The following statement on the death of Deborah Pearsall, Class of 2012, has been sent to students from John Smeaton, vice provost of student affairs:
I am deeply saddened regarding the loss of a member of our Lehigh family. Deborah Pearsall, class of 2012, died on Saturday night in the Hershey Medical Center after having been stricken by two pulmonary embolisms last Tuesday.
Debbie was an excellent student and an engaged and engaging student leader. A journalism major, she was a former editor of The Brown and White and two-time winner of the Williams Writing and Performance Award. She was selected for multiple internships, including a highly competitive national Dow Jones News Fund copy editing internship in Florida last summer.
Debbie was a founding member of Zeta Tau Alpha sorority, an orientation leader and a former member of Lehigh’s track team. Beloved by many, she exuded what seemed to be an inexhaustibly positive attitude about life’s opportunities and challenges. She will be missed dearly by her friends, her faculty and all of us fortunate enough to have had the privilege to know her.

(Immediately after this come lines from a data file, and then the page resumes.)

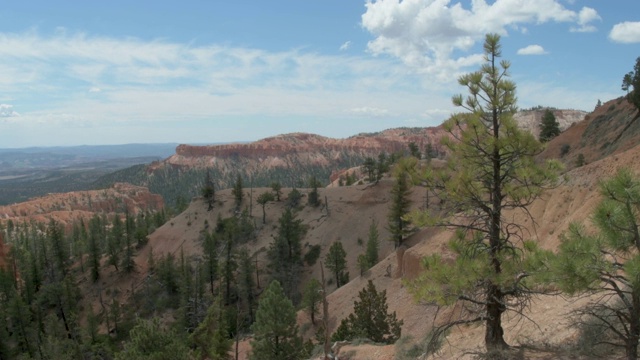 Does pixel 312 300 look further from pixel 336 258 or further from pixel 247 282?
pixel 247 282

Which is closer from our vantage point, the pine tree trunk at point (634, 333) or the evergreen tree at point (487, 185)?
the pine tree trunk at point (634, 333)

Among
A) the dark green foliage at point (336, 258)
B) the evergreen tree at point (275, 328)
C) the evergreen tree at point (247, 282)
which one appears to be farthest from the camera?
the evergreen tree at point (247, 282)

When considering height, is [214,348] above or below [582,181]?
below

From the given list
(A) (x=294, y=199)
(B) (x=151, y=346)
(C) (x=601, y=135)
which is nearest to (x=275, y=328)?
(B) (x=151, y=346)

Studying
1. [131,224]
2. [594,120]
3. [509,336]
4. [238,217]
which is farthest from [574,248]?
[131,224]

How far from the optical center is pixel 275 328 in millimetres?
24312

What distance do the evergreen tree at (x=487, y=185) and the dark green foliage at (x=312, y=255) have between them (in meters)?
49.8

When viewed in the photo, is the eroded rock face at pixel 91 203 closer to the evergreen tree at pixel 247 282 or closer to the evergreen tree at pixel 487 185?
the evergreen tree at pixel 247 282

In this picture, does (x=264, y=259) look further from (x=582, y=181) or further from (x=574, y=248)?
(x=574, y=248)

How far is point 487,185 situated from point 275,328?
18266mm

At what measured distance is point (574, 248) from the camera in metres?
6.50

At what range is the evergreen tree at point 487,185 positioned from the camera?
893 cm

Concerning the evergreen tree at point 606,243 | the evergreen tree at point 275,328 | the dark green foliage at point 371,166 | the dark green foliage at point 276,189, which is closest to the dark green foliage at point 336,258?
the evergreen tree at point 275,328

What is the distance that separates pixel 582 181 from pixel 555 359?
20.3 metres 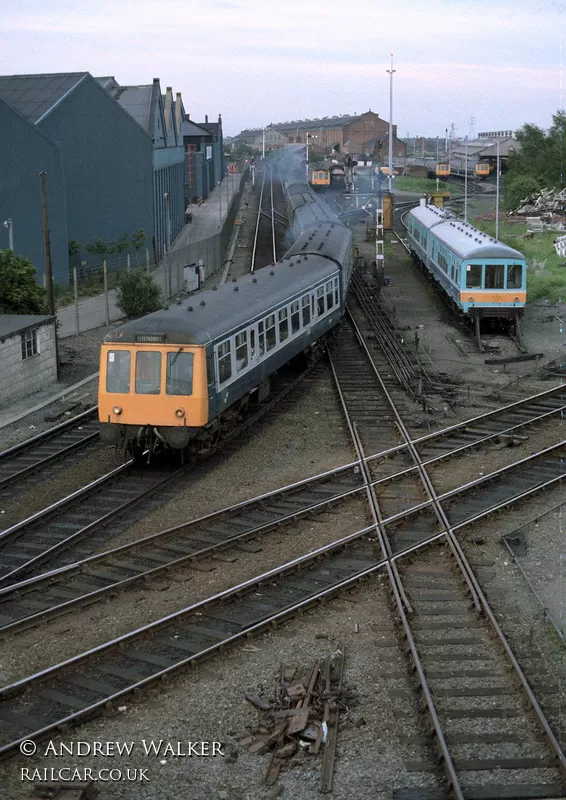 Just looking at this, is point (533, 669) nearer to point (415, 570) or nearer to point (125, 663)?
point (415, 570)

Details about funeral arrangements and a campus memorial service will be announced shortly. During this difficult time, our collective thoughts and prayers are with Debbie’s family and those whose lives she touched.
The loss of a vibrant young person elicits many emotions—grief, sadness, anger, confusion. If you or your friends are experiencing difficulty, please know that professional staff members in the dean of students’ office, counseling center and chaplain’s office are available for support and assistance.

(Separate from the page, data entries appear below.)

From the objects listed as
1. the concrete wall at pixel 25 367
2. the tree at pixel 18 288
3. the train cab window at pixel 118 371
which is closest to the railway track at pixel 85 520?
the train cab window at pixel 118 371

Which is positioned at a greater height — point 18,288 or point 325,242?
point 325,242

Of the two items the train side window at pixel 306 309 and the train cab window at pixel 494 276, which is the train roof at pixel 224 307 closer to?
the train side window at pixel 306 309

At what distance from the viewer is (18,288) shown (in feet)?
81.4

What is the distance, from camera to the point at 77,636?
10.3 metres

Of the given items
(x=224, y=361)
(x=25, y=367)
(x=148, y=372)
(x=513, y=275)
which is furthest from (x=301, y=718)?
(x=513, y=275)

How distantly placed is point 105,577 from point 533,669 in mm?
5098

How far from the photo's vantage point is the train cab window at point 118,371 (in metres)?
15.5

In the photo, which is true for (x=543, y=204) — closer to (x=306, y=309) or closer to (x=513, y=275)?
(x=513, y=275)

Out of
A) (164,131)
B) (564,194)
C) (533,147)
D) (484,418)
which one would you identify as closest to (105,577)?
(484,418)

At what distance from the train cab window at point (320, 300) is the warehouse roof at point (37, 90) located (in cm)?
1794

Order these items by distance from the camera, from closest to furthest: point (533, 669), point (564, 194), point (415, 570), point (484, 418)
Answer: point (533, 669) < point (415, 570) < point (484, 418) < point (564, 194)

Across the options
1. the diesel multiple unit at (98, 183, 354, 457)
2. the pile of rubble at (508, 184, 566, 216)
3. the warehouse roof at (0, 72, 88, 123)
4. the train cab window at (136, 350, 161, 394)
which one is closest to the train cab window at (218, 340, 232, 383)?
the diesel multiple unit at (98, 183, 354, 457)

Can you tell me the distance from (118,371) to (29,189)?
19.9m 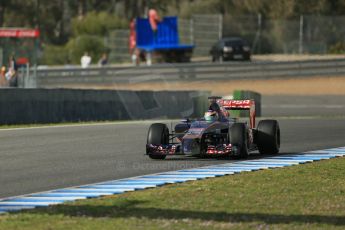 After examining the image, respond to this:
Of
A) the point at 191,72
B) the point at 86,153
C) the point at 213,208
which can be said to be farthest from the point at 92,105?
the point at 213,208

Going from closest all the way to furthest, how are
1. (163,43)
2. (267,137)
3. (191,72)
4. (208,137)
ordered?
(208,137) → (267,137) → (191,72) → (163,43)

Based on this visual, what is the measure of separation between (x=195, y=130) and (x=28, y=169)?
103 inches

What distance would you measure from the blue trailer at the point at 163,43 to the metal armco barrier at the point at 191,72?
658 centimetres

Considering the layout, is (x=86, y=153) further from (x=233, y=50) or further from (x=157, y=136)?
(x=233, y=50)

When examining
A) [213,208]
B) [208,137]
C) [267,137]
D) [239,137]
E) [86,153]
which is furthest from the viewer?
[86,153]

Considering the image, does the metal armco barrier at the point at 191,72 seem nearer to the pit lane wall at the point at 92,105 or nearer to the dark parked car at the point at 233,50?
the dark parked car at the point at 233,50

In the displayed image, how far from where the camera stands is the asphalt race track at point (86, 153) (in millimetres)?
12662

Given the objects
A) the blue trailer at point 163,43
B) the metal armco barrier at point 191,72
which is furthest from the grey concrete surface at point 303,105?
the blue trailer at point 163,43

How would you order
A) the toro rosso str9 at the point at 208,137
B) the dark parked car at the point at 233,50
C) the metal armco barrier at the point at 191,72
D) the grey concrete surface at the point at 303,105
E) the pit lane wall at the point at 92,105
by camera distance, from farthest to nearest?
the dark parked car at the point at 233,50, the metal armco barrier at the point at 191,72, the grey concrete surface at the point at 303,105, the pit lane wall at the point at 92,105, the toro rosso str9 at the point at 208,137

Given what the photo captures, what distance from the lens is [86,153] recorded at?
53.8ft

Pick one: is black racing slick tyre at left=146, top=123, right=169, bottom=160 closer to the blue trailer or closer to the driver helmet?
the driver helmet

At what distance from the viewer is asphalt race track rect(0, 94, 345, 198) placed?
12.7 metres

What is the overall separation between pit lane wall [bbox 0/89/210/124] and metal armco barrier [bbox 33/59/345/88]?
44.3 ft

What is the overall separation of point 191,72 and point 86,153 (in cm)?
2851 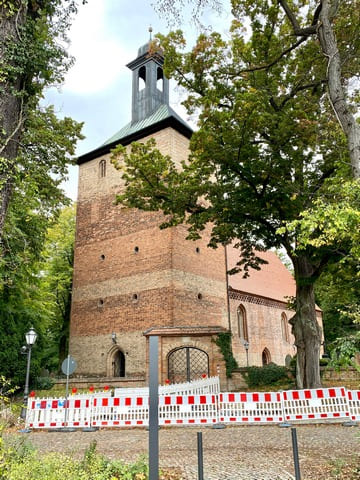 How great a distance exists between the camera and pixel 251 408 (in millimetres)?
9570

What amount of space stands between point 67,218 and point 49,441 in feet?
75.9

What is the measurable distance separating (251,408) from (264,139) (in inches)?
299

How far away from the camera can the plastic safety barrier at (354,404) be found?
9492mm

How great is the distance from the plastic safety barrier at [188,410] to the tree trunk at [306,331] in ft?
13.6

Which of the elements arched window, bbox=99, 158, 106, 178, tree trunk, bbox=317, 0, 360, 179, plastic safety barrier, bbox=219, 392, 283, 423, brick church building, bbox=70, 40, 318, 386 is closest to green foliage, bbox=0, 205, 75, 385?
brick church building, bbox=70, 40, 318, 386

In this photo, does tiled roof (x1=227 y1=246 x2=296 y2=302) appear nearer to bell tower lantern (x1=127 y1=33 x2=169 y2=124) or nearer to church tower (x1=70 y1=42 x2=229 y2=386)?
church tower (x1=70 y1=42 x2=229 y2=386)

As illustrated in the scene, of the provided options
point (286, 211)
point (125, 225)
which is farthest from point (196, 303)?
point (286, 211)

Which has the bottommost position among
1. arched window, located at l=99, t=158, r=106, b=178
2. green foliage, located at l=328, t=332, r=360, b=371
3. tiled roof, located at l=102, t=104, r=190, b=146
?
green foliage, located at l=328, t=332, r=360, b=371

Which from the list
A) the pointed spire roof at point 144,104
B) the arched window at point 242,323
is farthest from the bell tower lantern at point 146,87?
the arched window at point 242,323

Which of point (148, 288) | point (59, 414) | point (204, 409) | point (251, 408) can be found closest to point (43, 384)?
point (148, 288)

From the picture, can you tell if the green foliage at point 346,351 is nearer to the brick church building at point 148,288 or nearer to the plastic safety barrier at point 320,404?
the plastic safety barrier at point 320,404

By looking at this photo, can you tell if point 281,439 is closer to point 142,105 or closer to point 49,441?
point 49,441

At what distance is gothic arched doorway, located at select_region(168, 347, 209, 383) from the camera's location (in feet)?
51.5

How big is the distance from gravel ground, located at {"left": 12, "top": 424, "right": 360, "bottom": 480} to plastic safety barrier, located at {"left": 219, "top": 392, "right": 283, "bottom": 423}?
0.78 ft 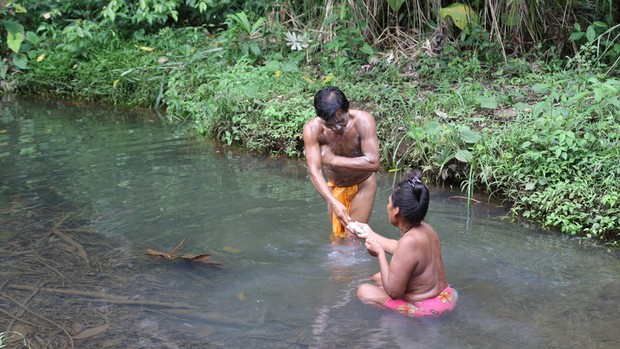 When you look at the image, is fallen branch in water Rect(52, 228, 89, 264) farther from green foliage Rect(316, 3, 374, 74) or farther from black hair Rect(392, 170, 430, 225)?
green foliage Rect(316, 3, 374, 74)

I urge you to take a moment to read the following piece written by counseling center staff.
Dealing with Loss
by the University Counseling Service
The Lehigh community has suffered a tragic loss this week with the death of senior Deborah Pearsall. As the sadness and shock waves ripple through the campus, we can anticipate the varied reactions her friends, the faculty and staff who knew her, and others may have to her departure—and bring attention to our need for personal and communal grieving.
The following are some emotions that people typically experience following a loss, though they do not follow a strict sequence, and not every person experiences all of these feelings.
First, there’s often a feeling of shock and profound grief. Sometimes people experience numbness or, more accurately, a lack of feeling. Particularly on a college campus, an unexpected death can rock our sense of security, of being safe from the troubles of the real world. There may also be a sense of denial or disbelief.
As the grief, sadness, shock and denial dissipate, a person may find him or herself feeling anxiety, sadness, guilt, or anger. The anxiety may relate to facing the inevitability of death in general. Sadness may be the emptiness left by the person’s absence, and compassion for his or her friends and family. Guilt may be experienced for outliving the person or for feeling one has somehow not done enough, even though one understands this death did not occur due to someone’s fault. Anger may also be felt toward God or about the unfairness of life.
Furthermore, for some people, the awareness of Deborah’s death may trigger a resurgence of memories and feelings associated with previous losses. This can occur for people who knew Deborah, as well as for those who did not know her. Changes in emotional states, relationships, eating and sleeping habits may also reflect the pain of this loss. One common means of blocking out the pain of grief might include isolation or increased use of alcohol or other drugs.
As humans we look for order in our world and ways to regain this sense of order when things are upset. When someone dies, we ask “Why?” and often don’t get an answer, leaving us with a sense of helplessness.
What do we do? Acknowledging, accepting and sharing our thoughts and feelings about the loss are essential steps to overcoming our grief. Typically, it is often beneficial to do this with another person. When we ignore our emotions they may resurface at another time or may shift into a general feeling of depression. We need to be patient with ourselves and be aware that feelings of loss can affect other areas of our lives, including concentration and motivation or our interest in school.
Loss may affect us for weeks or it may affect us for months; there is no set amount of time within which we should be able to work through our grief. We also need to recognize that individuals grieve in different ways, and that we simply need to support each other as we each strive to make meaning out of this loss.
Survivors often find it helpful to commemorate the deceased by sharing stories and memories with each other, by performing a ritual, or by attending the funeral or memorial service. When we openly grieve a loss we gradually make the shift to feeling more hopeful and healthy again.
The pain of death sometimes focuses our attention on the finite quality of our lives. Ironically, awareness of the fragile nature of life can prompt us to live life more fully. It is hoped that as a community we can grieve as well as grow together.
A personal connection with or referral to the university counseling service, chaplains, dean of students, faculty and other members of the Lehigh community may be helpful over the next few days or weeks as an additional means of support.